=== Aim of the exercise ===
From the entries below, reproduce exactly the line containing "Lång Vinterrock Dam", the line containing "Шкаф встроенный Кьяра", and every line in between, with nothing added.

=== Source information ===

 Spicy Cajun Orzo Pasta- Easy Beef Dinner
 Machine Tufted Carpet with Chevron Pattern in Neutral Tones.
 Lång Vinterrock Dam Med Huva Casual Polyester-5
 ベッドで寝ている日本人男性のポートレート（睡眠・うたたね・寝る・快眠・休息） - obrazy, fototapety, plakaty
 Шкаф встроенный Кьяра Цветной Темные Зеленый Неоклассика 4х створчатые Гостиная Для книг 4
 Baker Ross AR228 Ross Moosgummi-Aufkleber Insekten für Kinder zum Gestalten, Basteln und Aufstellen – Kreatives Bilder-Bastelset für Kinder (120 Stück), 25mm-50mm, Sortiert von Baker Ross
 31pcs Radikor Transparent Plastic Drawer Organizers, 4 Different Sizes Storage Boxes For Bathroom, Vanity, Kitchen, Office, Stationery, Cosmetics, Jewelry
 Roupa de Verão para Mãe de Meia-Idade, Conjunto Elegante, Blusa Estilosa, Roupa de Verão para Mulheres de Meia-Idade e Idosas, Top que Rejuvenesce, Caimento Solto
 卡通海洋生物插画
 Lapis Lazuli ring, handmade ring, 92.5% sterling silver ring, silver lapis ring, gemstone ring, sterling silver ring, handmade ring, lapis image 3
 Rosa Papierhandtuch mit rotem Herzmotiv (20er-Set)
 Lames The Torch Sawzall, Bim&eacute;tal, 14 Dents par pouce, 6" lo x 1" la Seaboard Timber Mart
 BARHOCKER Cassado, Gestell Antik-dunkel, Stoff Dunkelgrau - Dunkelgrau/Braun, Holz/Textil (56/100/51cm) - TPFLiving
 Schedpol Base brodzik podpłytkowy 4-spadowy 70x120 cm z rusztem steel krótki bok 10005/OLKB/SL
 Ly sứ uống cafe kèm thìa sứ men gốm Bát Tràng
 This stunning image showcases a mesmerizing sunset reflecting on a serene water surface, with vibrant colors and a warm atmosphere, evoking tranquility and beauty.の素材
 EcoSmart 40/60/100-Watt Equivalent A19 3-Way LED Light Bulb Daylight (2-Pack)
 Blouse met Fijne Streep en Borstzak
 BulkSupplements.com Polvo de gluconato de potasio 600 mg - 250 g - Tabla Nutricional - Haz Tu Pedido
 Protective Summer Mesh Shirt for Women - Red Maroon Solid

=== Task answer ===
 Lång Vinterrock Dam Med Huva Casual Polyester-5
 ベッドで寝ている日本人男性のポートレート（睡眠・うたたね・寝る・快眠・休息） - obrazy, fototapety, plakaty
 Шкаф встроенный Кьяра Цветной Темные Зеленый Неоклассика 4х створчатые Гостиная Для книг 4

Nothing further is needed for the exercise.